I thought I saw someone mention a SB 9" with a large spindle bore 1" or 1 1/8" ? I think it may have been a transplant? Spindle only or maybe a different head stock? There are lots of SB 9s around here but I could use a larger spindle bore. Thanks, Jim.


----------



## Jim_cellarshop (May 27, 2011)

Thanks. I may have seen a SB 9" 'with 10K spindle' and I may have thought that it was a 10L. I have a bit of work on my shop to get ready for a lathe and I need to take my wife on vacation, so I have some time to look around. Generally SB 10Ls in at least fair condition are a little over my buget, but if I put off the mill for a while I may be able to swing it. I am going to try to get something with a spindle bore greater than 1.0" (1.25+ would be better) with about 24" between centers that I can get into my basement. Jim.


----------



## Jim_cellarshop (May 31, 2011)

Thanks, I will put those on my list of possibles.

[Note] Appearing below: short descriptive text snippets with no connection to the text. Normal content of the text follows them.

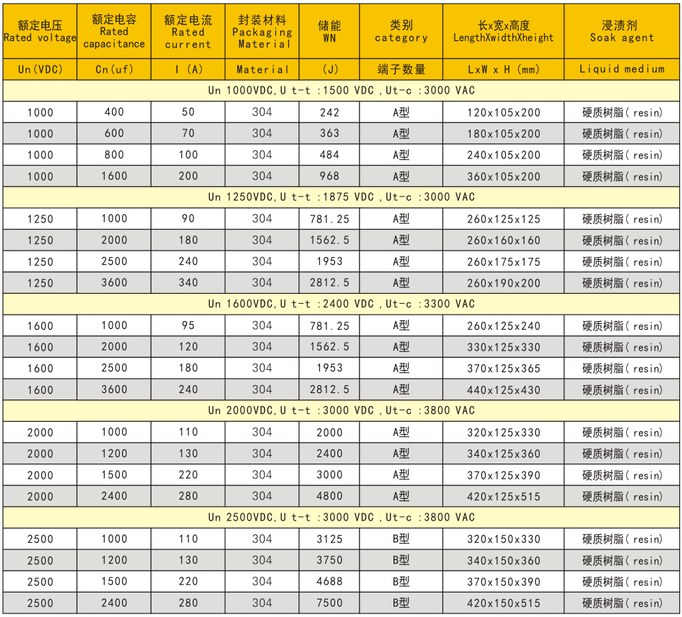 公司简介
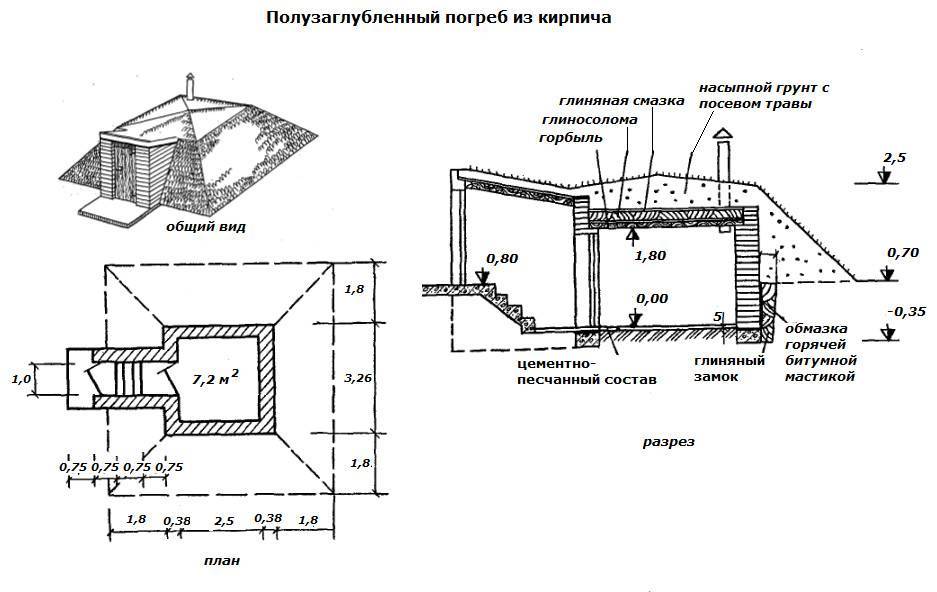 Устройство склепа схема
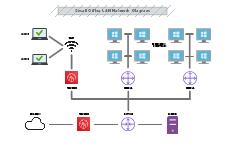 Small Office LANNetwork Diagram thumb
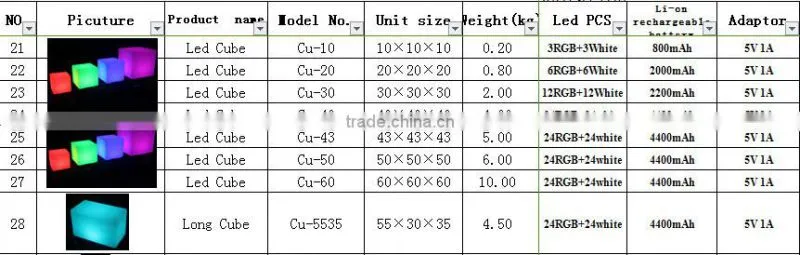 indoor/outdoor color change plastic illuminated LED cube/Fashion Plastic Illuminated LED Cube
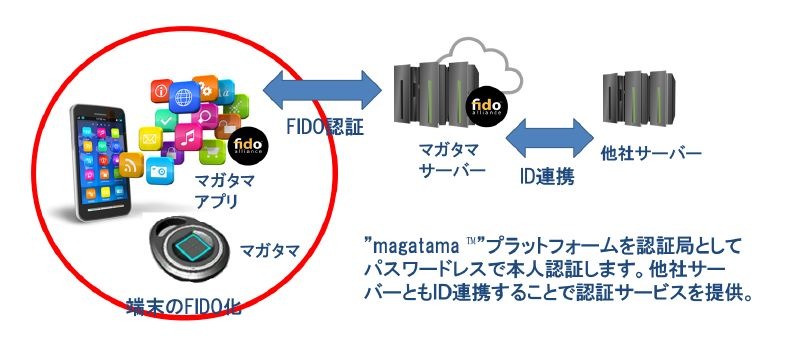 「magatama」プラットフォームの認証イメージ（画像はプレスリリースより）
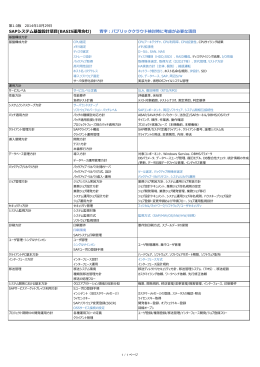 SAPシステム基盤設計項目(BASIS運用含む) 青字：パブリッククラウド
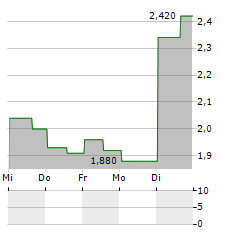 BRIGHTCOVE Aktie 5-Tage-Chart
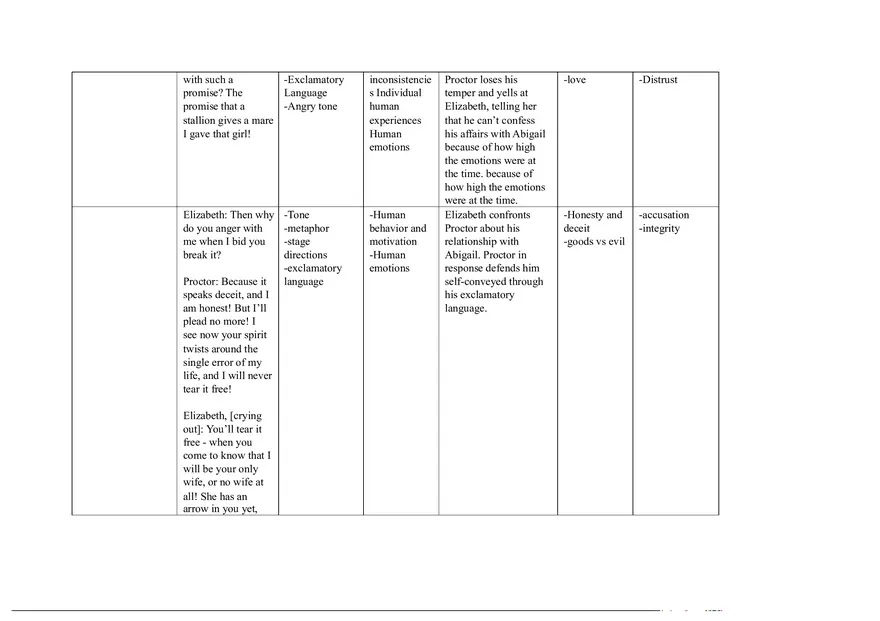 Notes for The Crucible Part 4 - Page 6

There are a few Clausing 12" lathes around, anyone know what the spindle bore is on those? I just started researching those looks like some have a hydraulic variable speed that could be a problem, but they appear to come apart enough the go in the basement. Thanks, Jim.


----------



## Jim_cellarshop (Jun 7, 2011)

*Re: Is there a large spindle South Bend 9*

That's interesting, I thought I saw one of these listed for sale not long ago. I stated that it had the wider bed ways of a 10L, but ad did not list spindle bore. Still one of the main reasons I like the 10L (& 9a/b/c ) is that there is a lot of tooling, accessories & spare parts. Some of the newer lathes have tooling & accessories that i do not see much on the used market & new prices are steep for some items for a home shop. And it would figure that an ideal candidate for my shop would be made for one year, 72 years ago!! Oh well. Thanks, Jim


----------